* [What you are asked to do] From the first line to the last, give the material again exactly, without the images.

Segment Start: Information shown

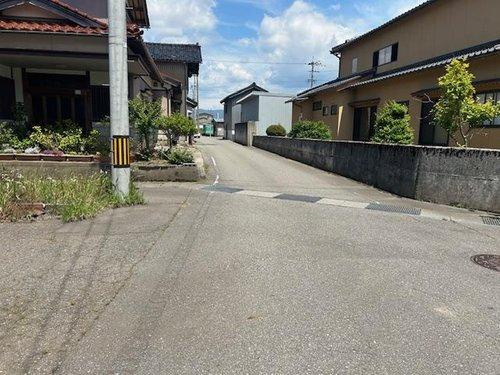 能美市下開発 3区画の前面道路含む現地写真|前面道路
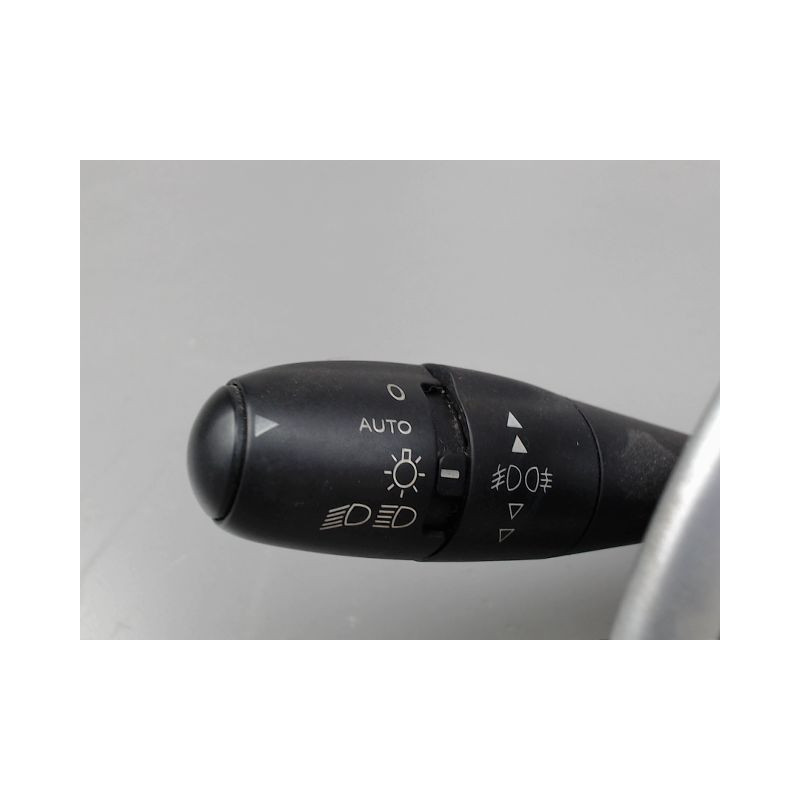 BLOC COMMODOS PEUGEOT 5008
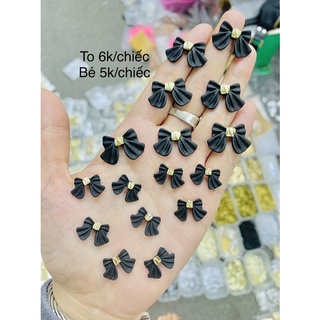 Cham hình đính móng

Segment End: Information shown

* [Task answer]
 能美市下開発 3区画の前面道路含む現地写真|前面道路
 BLOC COMMODOS PEUGEOT 5008
 Cham hình đính móng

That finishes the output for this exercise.